Dr. Ernest Hargreaves Latham, Jr., Awarded Prestigious Book Prize and Honored

In December 2017, Dr. Ernest Hargreaves Latham, Jr., was awarded the George Ionescu-Gion Prize for Modern History for one of his latest books, What Strange Fate: J. Breckinridge Bayne, an American on the Romanian Front (1916–1919).

In December 2017, Dr. Ernest Hargreaves Latham, Jr., the American historian and diplomat and an Adjunct Professor at the Saint Photios Orthodox Theological Seminary, was awarded the George Ionescu-Gion Prize for Modern History for one of his latest books, What Strange Fate: J. Breckinridge Bayne, an American on the Romanian Front (1916–1919), which was published by Editura Vremea, the Bucharest publishing house, in a bilingual English–Romanian edition in 2016. The Romanian text of the book was translated by his wife, the poet and writer Ioana Ieronim-Latham. The book recounts the efforts of Dr. Bayne, a decorated naval officer, to aid their war effort, as a surgeon, when the Romanians entered World War I in 1916. Professor Latham, who lectures at the Foreign Service Institute of the United States Department of State, is a graduate of Dartmouth College, received his M.A. degree at Roosevelt University, and holds a doctorate in history from the University of Bucharest. He has held numerous diplomatic posts throughout the Middle East, the Balkans, and Eastern and Western Europe and has taught in the United States of America and at a number of European universities.
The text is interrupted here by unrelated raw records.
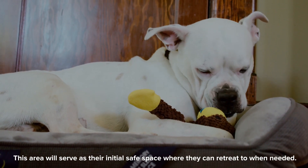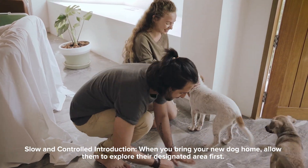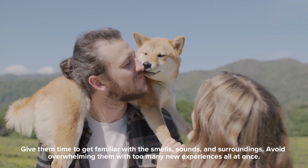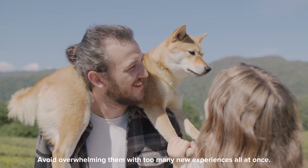Slow and controlled introduction. When you bring your new dog home, allow them to explore their designated area first. Give them time to get familiar with the smells, sounds, and surroundings. Avoid overwhelming them with too many new experiences all at once.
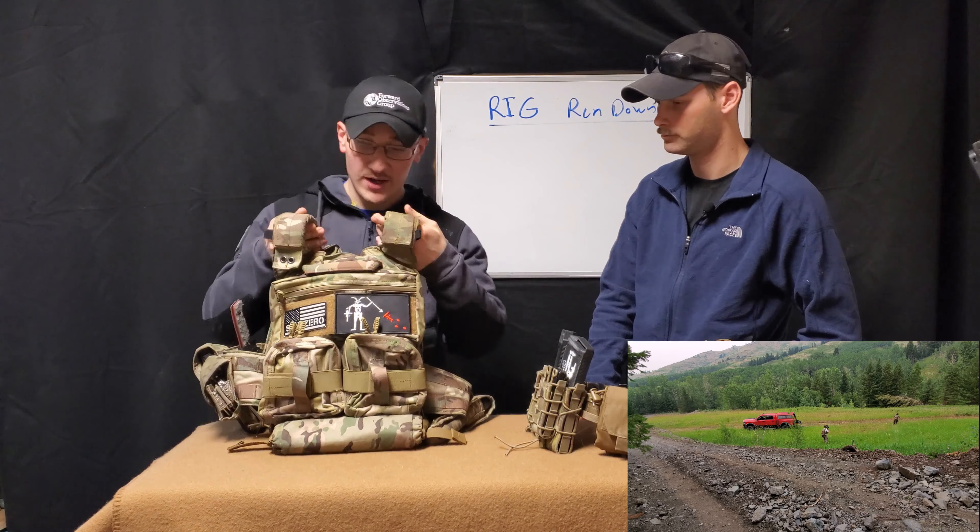Moving on to the battle belt — I run one single pistol mag pouch on the front left side where I can put a pistol mag or a flashlight. I also run two double stack pistol and AR-15/M4 mag pouches. I usually leave one open for another pistol magazine, and on the other I have my multi-tool. I run two AR-15/M4 mags in those mag pouches, because most of the time I'll be reloading from the battle belt — that's where I'm fastest from.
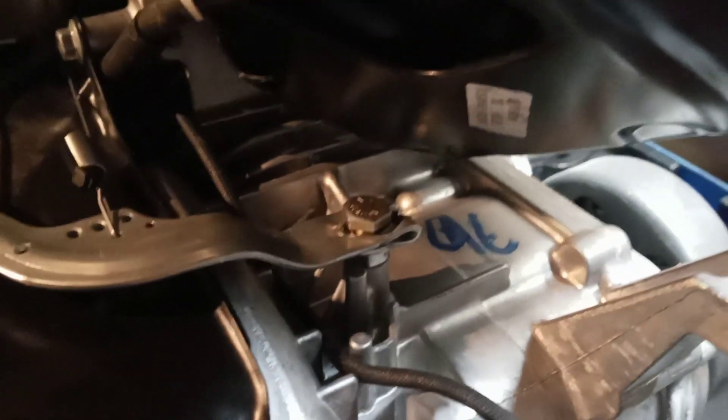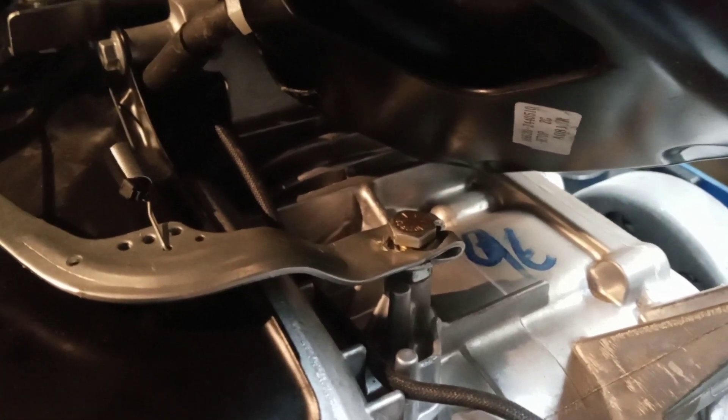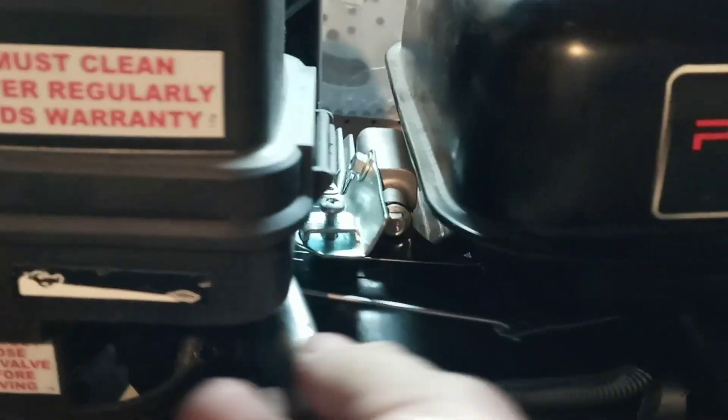You can see the linkage there. What I had done whenever I went in here was put a quarter-20 bolt where the arm used to go. I just kind of flattened out this linkage right here and built it out to where my quarter-20 bolt will go, and then I got a nut locking down on there to keep the thing from moving.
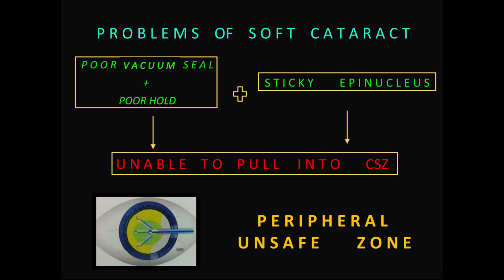Also in soft cataract, the nucleus and epinucleus are very sticky. The epinucleus adheres to the nuclear surface very strongly, so much so that you are unable to pull the nucleus into the central safe zone. As a result, you tend to suck out the nucleus into the peripheral unsafe zone, where it is in close proximity to the posterior capsule, and you may end up with a posterior capsular rupture.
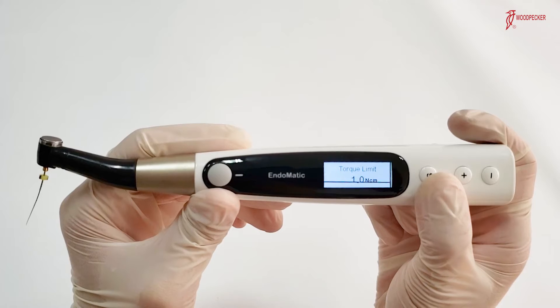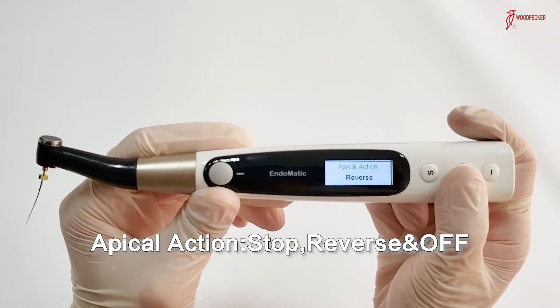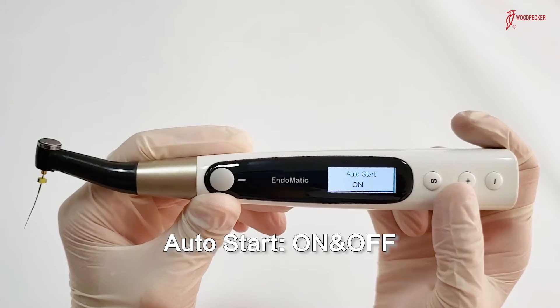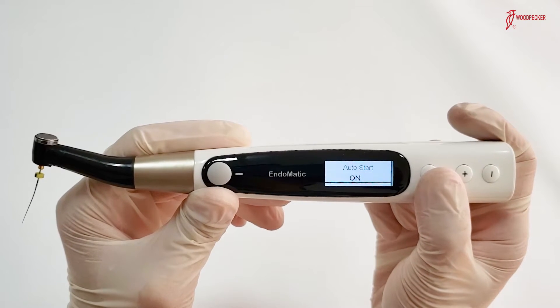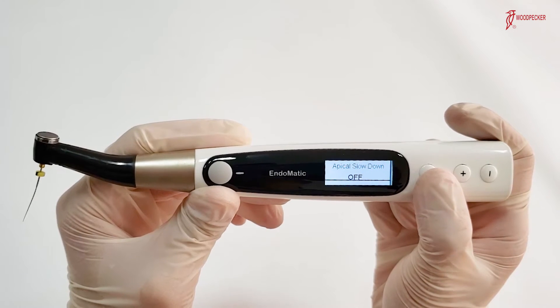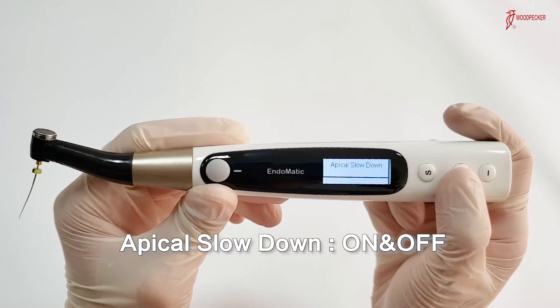Next mode is apical action mode, including stop, reverse, and off. Then next is auto start mode, including on and off. Next is flash bar position, to change the apical point. And apical slowdown, including on and off modes.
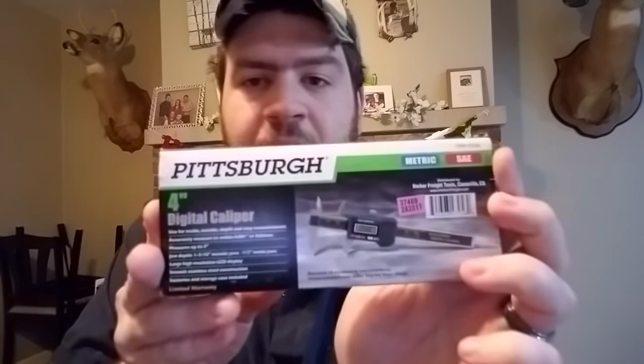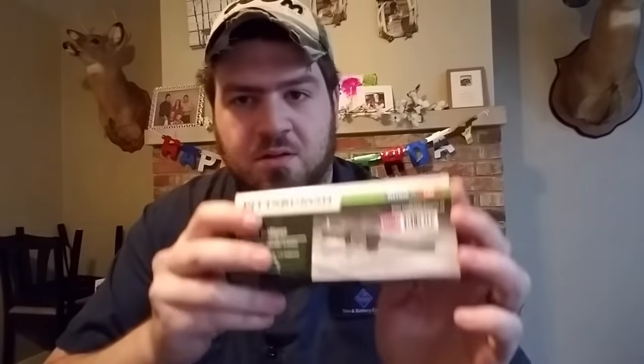Next you want a dial caliper or digital caliper, some type of caliper to measure your pellets. Get caliber-specific pellets. Whatever air gun caliber you're going to run this process on, you want the same pellet caliber to use.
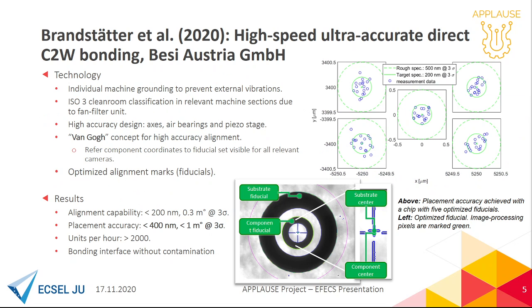The environment is additionally controlled by isolated grounding, so no vibrations come in, and clean room atmosphere exactly where we want it. High quality machine components and well-defined alignment marks further enhance the accuracy.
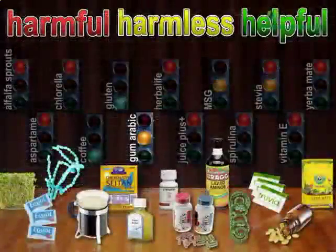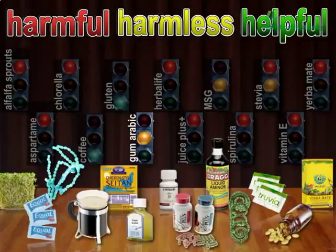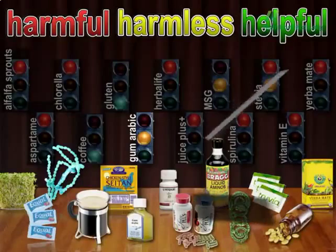What about gum arabic, the hardened sap of the acacia tree, used as a stabilizer in the food industry, and for the lickable adhesive on the back of envelopes? Considered harmless.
Dr. Latham is also the subject of a book published in October 2016 by the Romanian publishing house Editura Militară, Dosarul de securitate al unui diplomat american: Ernest H. Latham Jr., 1979–1987, containing a redaction of the mammoth five-volume, 3,000-page collection of files on him, during his diplomatic assignment at the United States Embassy, by the Romanian Communist Securitate, the dreaded secret police organization under the dictatorship of Nicolae Ceaușescu. The book, edited by the Romanian military historian Vadim Guzun, contains an introduction by Professor Latham, describing his four years of diplomatic service in Communist Romania.

We congratulate Dr. Latham on these two significant honors, which are a tribute to his scholarly and diplomatic career and which bring great pride to our Seminary and to his fellow faculty.